Once Bad Self Portraits was released, that momentum began to snowball. The live-show venues were larger and fuller. In fact, they were on the road so much that they didn’t reassemble in the studio for the follow-up album until the end of 2015. When they did, they recorded it in Nashville with producer Dave Cobb, suddenly famous for his work with Sturgill Simpson and Chris Stapleton.
“We listened to that Sturgill record,” Price explains, “and we were astounded by what a sonically rich record it was. So we sought out Dave as a producer. He essentially became a fifth member of the band when we were making the record. We’d play a song for him, and he’d say, ‘It needs a bridge,’ so we’d write a bridge. He’d say, ‘You need to flip the chords here,’ and we’d flip the chords. It was a big help to have someone outside the band with such good musical ideas.”
“He encouraged us to strip the demos down,” Kearney says, “so he could hear which songs could stand on their own two feet without the aid of production. It also meant that when we got into the studio, we weren’t tied to a particular way of doing the song. The songs become modular. What if the chorus shouldn’t be at the top, but should go here?”
They named the new album Side Pony after Olson’s song of the same name and after the hairdo (a ponytail over the right ear) that Kearney wears on the cover.
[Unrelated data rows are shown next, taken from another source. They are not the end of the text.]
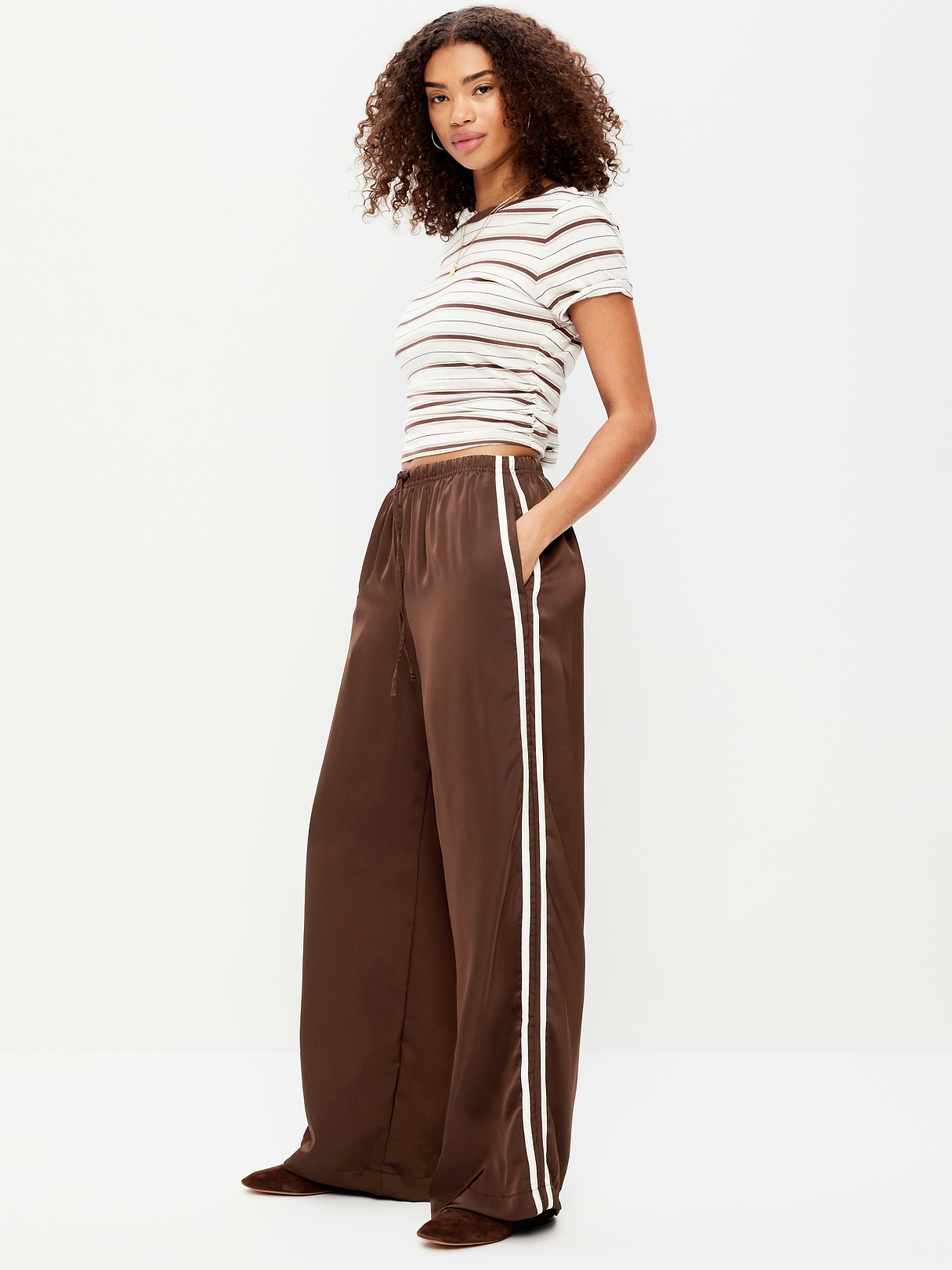 High-Waisted Satin Track Pants - Earthen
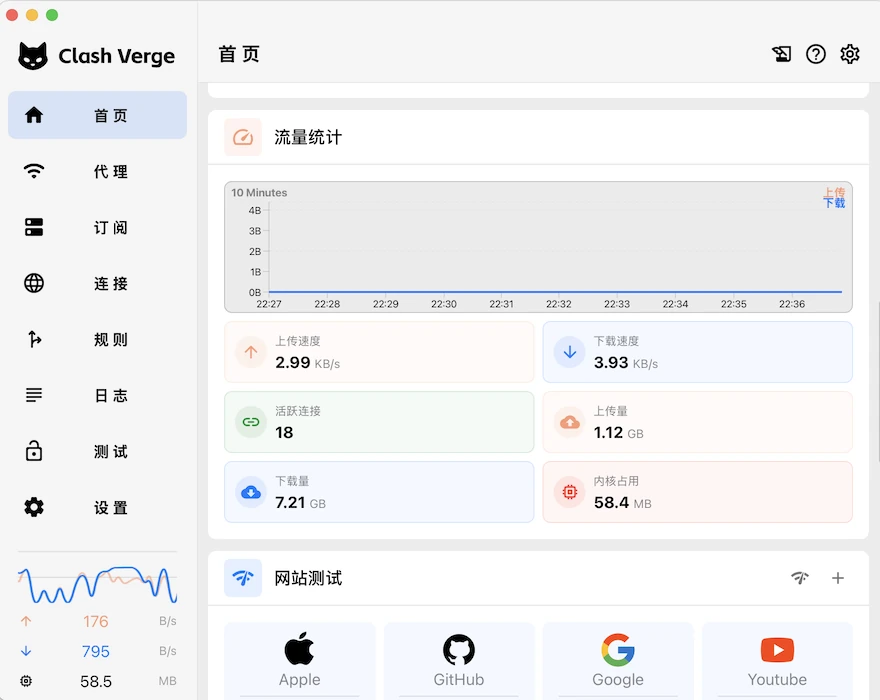 Clash Verge 桌面客户端主界面，用于辨认隐私说明页中的本地管理视图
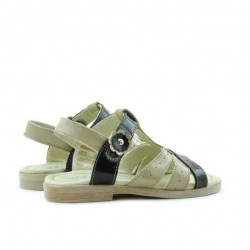Sandalias para niños pequeños 18c charol beige+negro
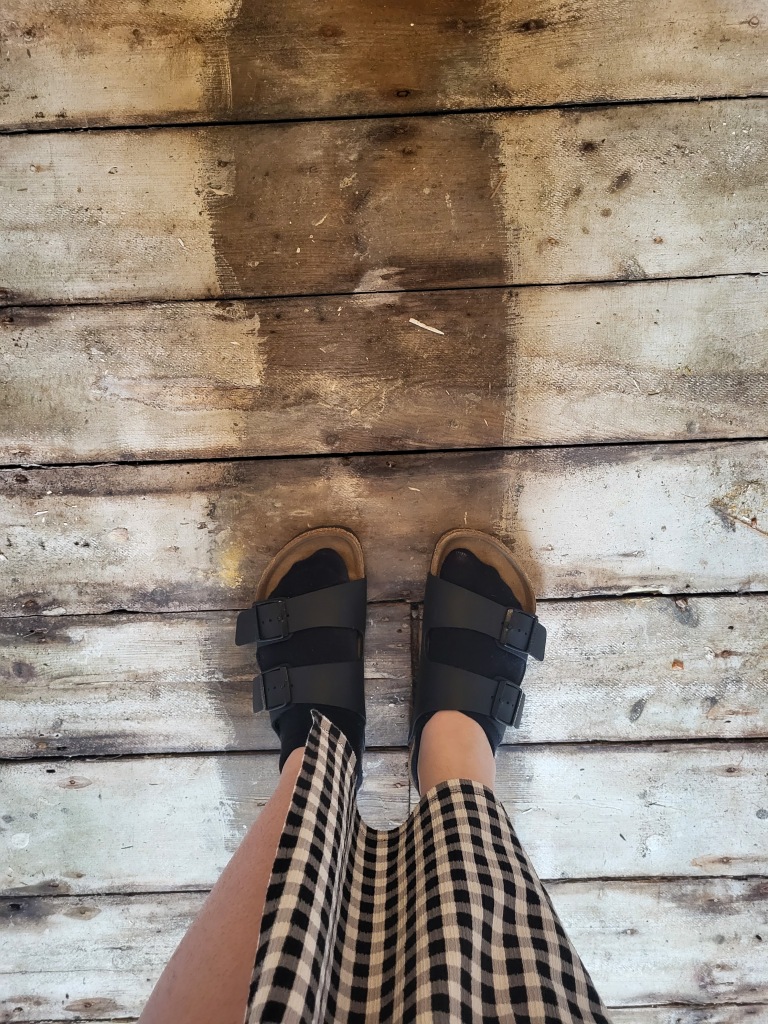An image of old Victorian floorboards - white on the outside and plain wood on the inside. There are a pair of legs standing on the floor in black socks and black sandals, with a white and black check skirt.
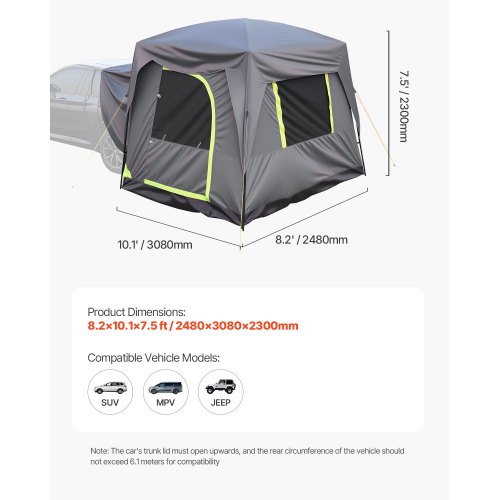 SUV Camping Telt, 2480x3080x2300 mm, Vandtæt, Dobbelt Lag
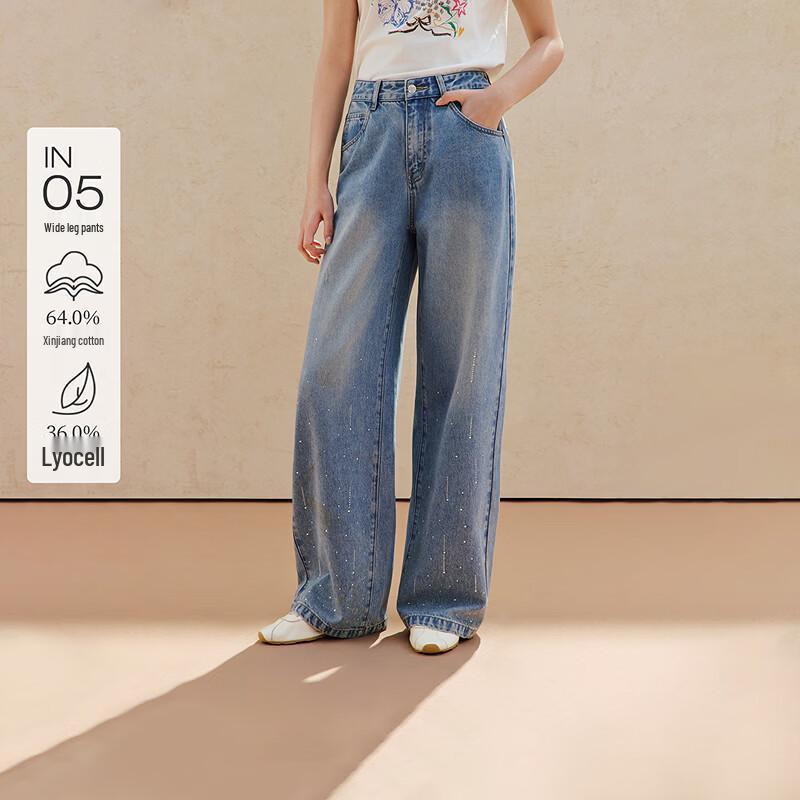 INMAN Women s Retro Wide-Leg Lyocell Cotton Washed Jeans 29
The phrase “rocking a side pony” can also be used to mean “being yourself” or “making an unexpected move.” The band embraces all these interpretations.
“I just turned 30,” Price told the Baltimore audience in October, “but this is only the beginning.” The new songs do represent a new start. As good as the evening’s renditions of the songs from Lake Street Dive and Bad Self Portraits had been, as delightful as the cover of Annie Lennox’s “Walking on Broken Glass” had been, the material from the as-yet-unreleased album stood out as a big step forward. Price celebrated the big 3-0 with “Saving All My Sinning,” the final track on the new record.
Kearney’s lyrics are the confession of a well-behaved girl itching for trouble. Price sang the opening verse demurely over a funky bass-guitar-drum groove straight out of the Motown songbook. Halfway through that verse she shifted to a minor chord as if her piety were already beginning to dissolve.
She still seemed unsure on the second chorus, and when she sang, “I’ve been a good girl for so long,” she added a long “ooh” that froze the song in place. But then the dam broke open with her ringing proclamation, “I deserve to do something wrong,” and the formerly restrained backing vocals cut loose too, testifying as if in church, “Yeah, yeah, yeah,” as Price wildly improvised, stretching the chords further and further.
The performance marked the liberation not only of the character in the song but also a band whose long wait is about to pay off—and also of all the chords that have been stored in the pop music closet waiting for the chance to come out and play.